Posté par communistefeigniesunblogfr le 26 juin 2011

Source : Basta !22 juin 2011

URL de l’article : http://www.bastamag.net/article1536.html

ENQUÊTE

Quand l’agriculture sert à nourrir les machines aux dépens des humains

 

Agriculture : Enquête de

Par Agnès Rousseaux

Basta ! a enquêté sur un empire méconnu mais tentaculaire,

du nom de Sofiprotéol, leader français dans les huiles de colza,

de tournesol ou de soja. Fonds d’investissement aux multiples

filiales, Sofiprotéol préfigure une agriculture au service quasi

exclusif de l’industrie pétrolière et chimique.

Cette « pieuvre verte » est dirigée par Xavier Beulin, actuel

président de la FNSEA, le syndicat agricole majoritaire, qui a

l’oreille du pouvoir.

Si ce modèle se développe, l’agriculture de demain servira-t-elle encore à nourrir le monde ?

Le modèle agricole français servira-t-il encore à nourrir les êtres humains ? En ces temps de spéculation sur les

matières premières, notamment alimentaires, c’est la question que l’on peut se poser, alors que s’est ouvert à Paris

le G20 agricole.

« Nous voulons donner la parole aux paysans du monde entier.
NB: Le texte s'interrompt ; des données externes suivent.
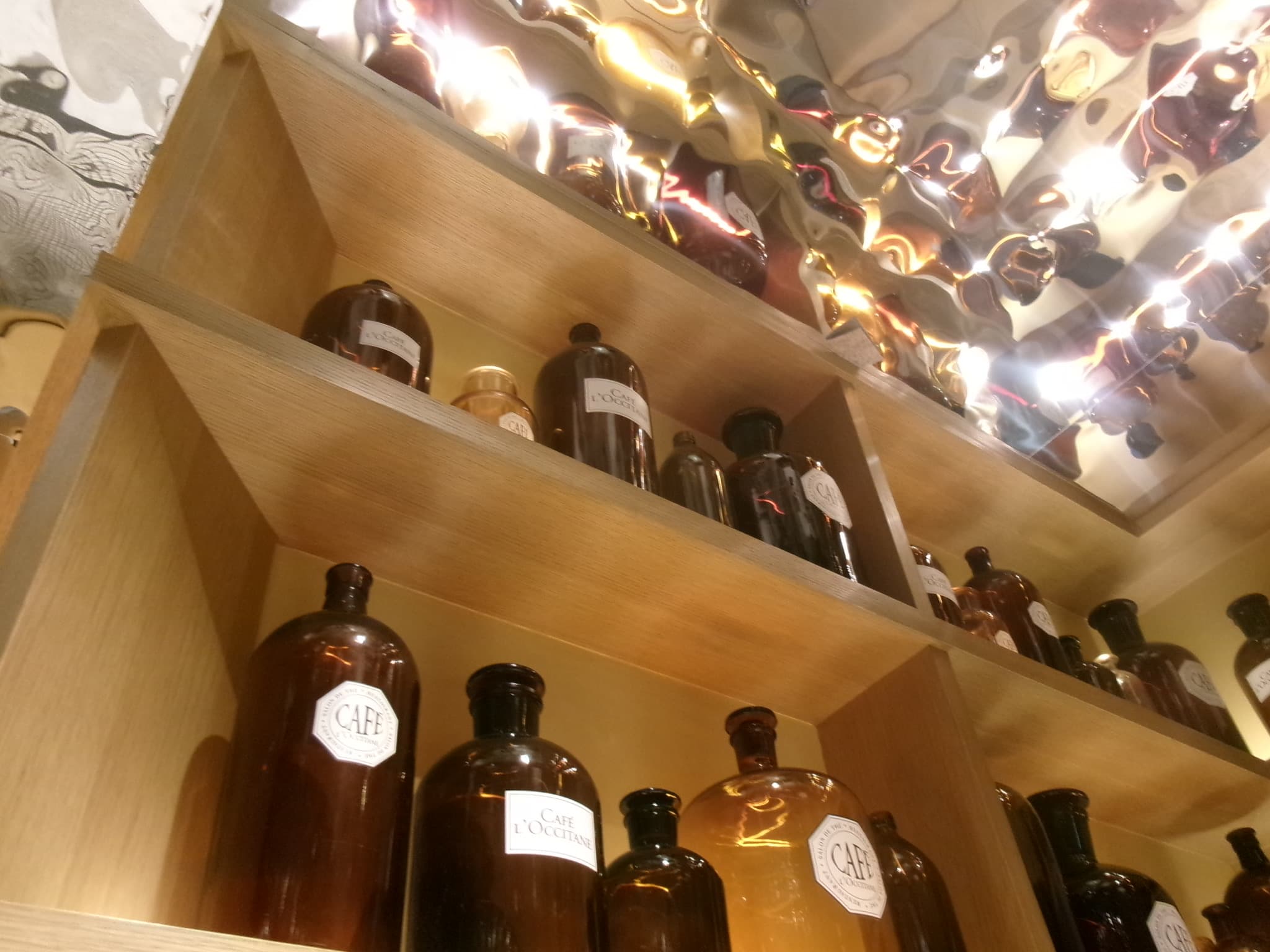 CAFÉ L'OCCITANE 的琥珀色藥罐牆面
Nous avons des choses à dire en matière de lutte contre

les variations de cours, l’arrivée des fonds spéculatifs, ou la constitution des stocks d’intervention », a lancé Xavier Beulin,

président du premier syndicat agricole français, la FNSEA. Sous son égide, la puissante organisation compte bien

apparaître comme un interlocuteur de premier choix, après avoir largement influencé la politique agricole française

depuis un demi-siècle.

Mais qui est Xavier Beulin, le nouveau leader de la FNSEA ? Quelle vision de l’agriculture incarne-t-il ?

À la tête du fonds d’investissement Sofiprotéol, l’homme ressemble davantage à un businessman qu’à un agriculteur.

Sofiprotéol ? C’est l’établissement financier de la filière des oléoprotéagineux (colza, tournesol, soja). La société possède

un vaste empire : leader de la production d’agrocarburants en France, impliqué dans le développement des OGM,

la sélection génétique animale et végétale, dans la « chimie verte », propriétaire de la marque d’huiles Lesieur et

du groupe Glon Sanders, leader français de nutrition animale.